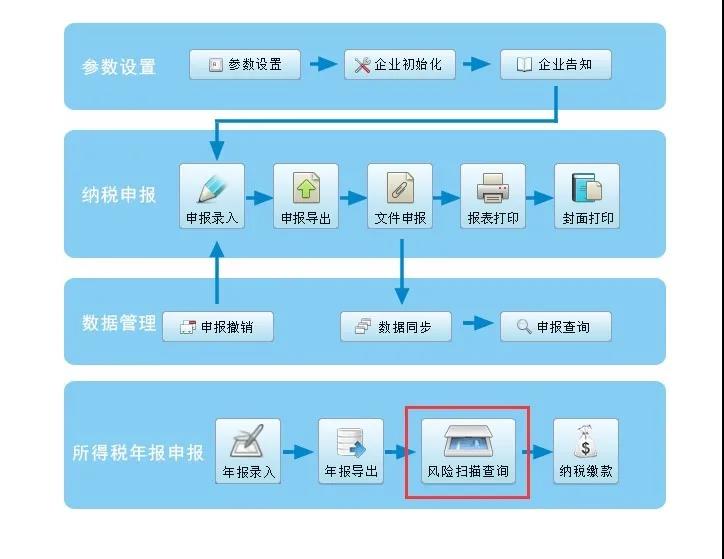 企業(yè)所得稅政策風險提示服務功能如何使用？最全操作指南看這里↓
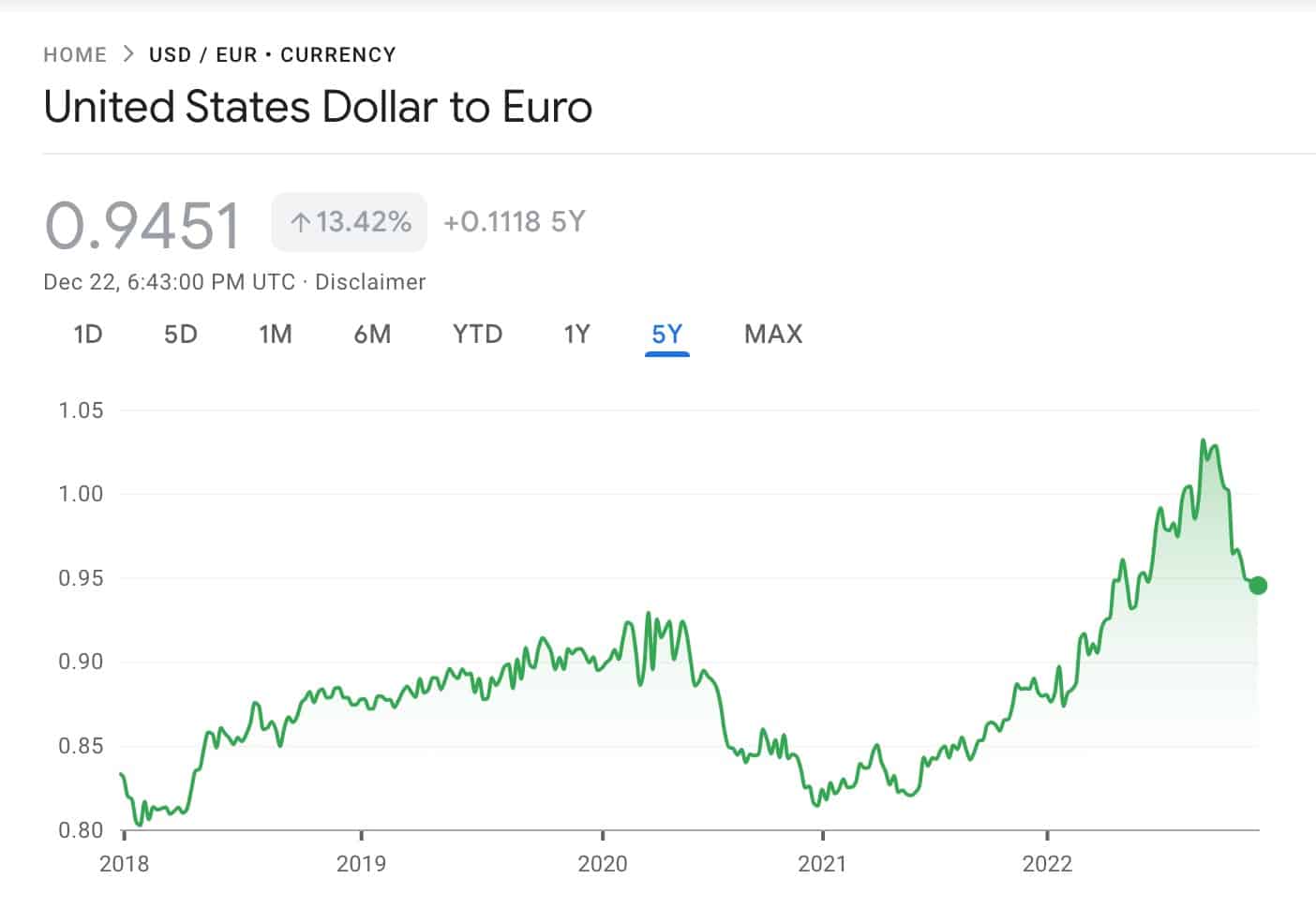 USD To Euros
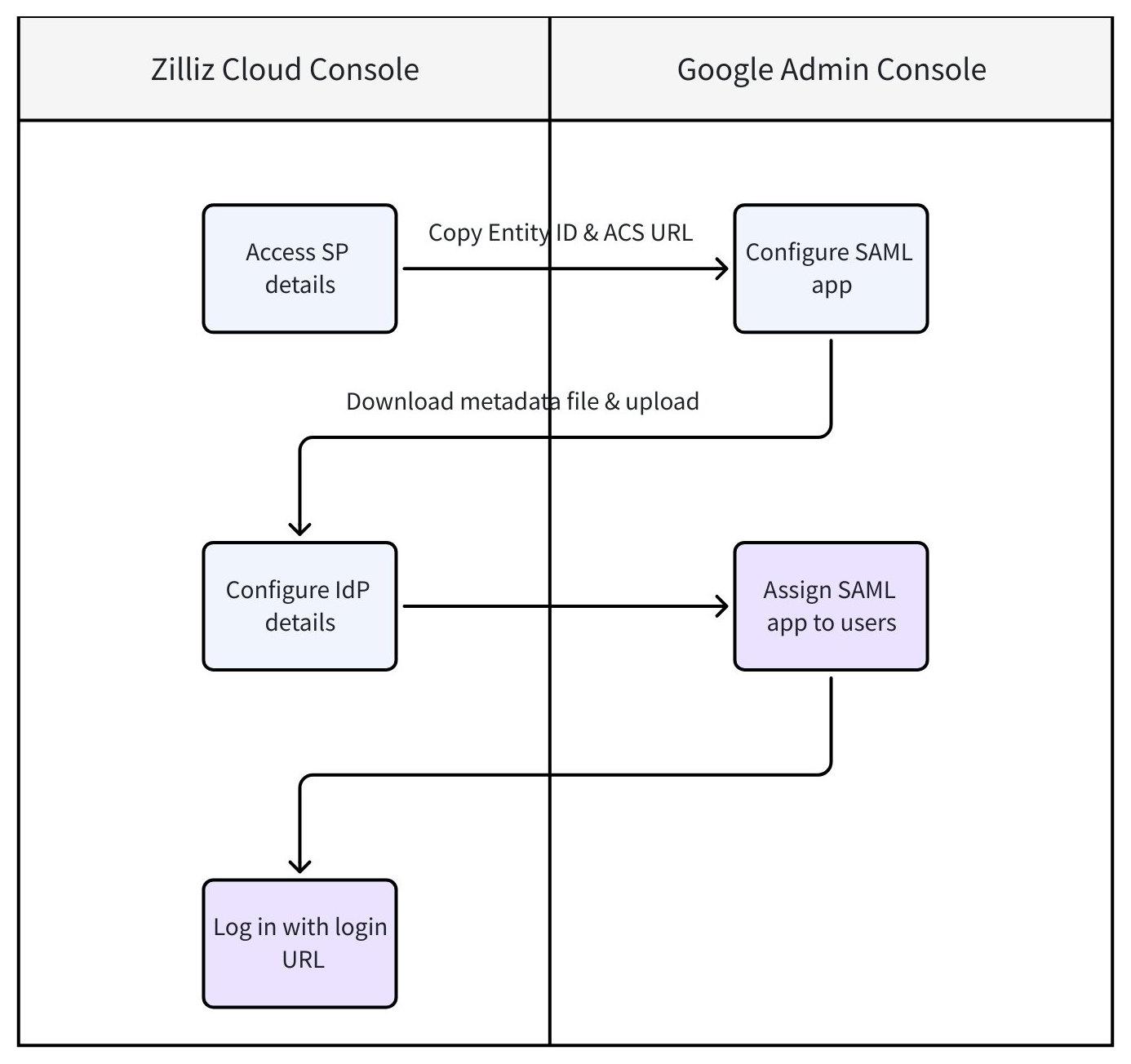 LsmAwFbPthojH3bLRtEcogRinwc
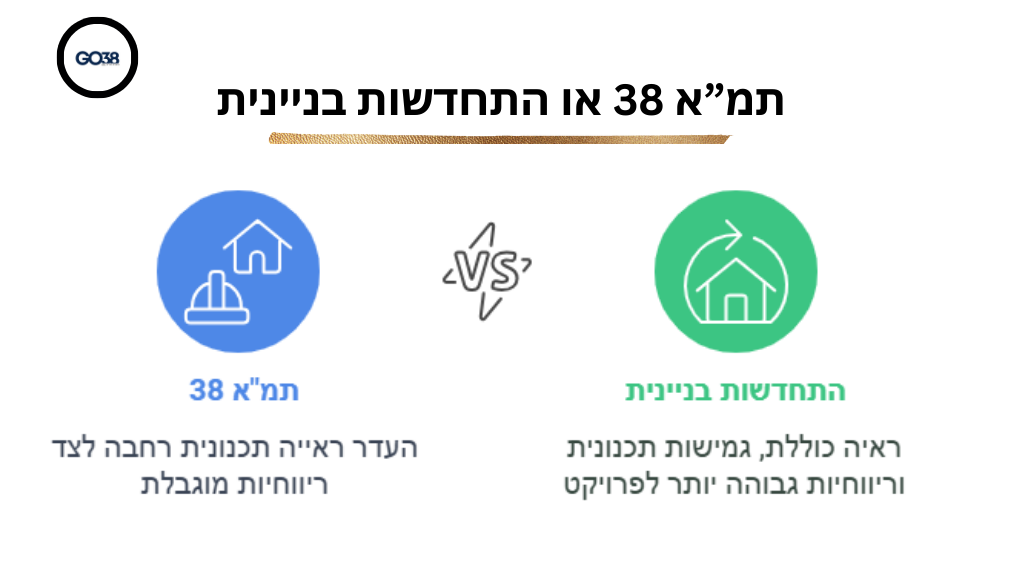 תמ"א 38 או התחדשות בניינית - מה עדיף?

The problem: Copy the entire listing exactly but skip the pictures.

Result of the exercise:
 企業(yè)所得稅政策風險提示服務功能如何使用？最全操作指南看這里↓
 USD To Euros
 LsmAwFbPthojH3bLRtEcogRinwc
 תמ"א 38 או התחדשות בניינית - מה עדיף?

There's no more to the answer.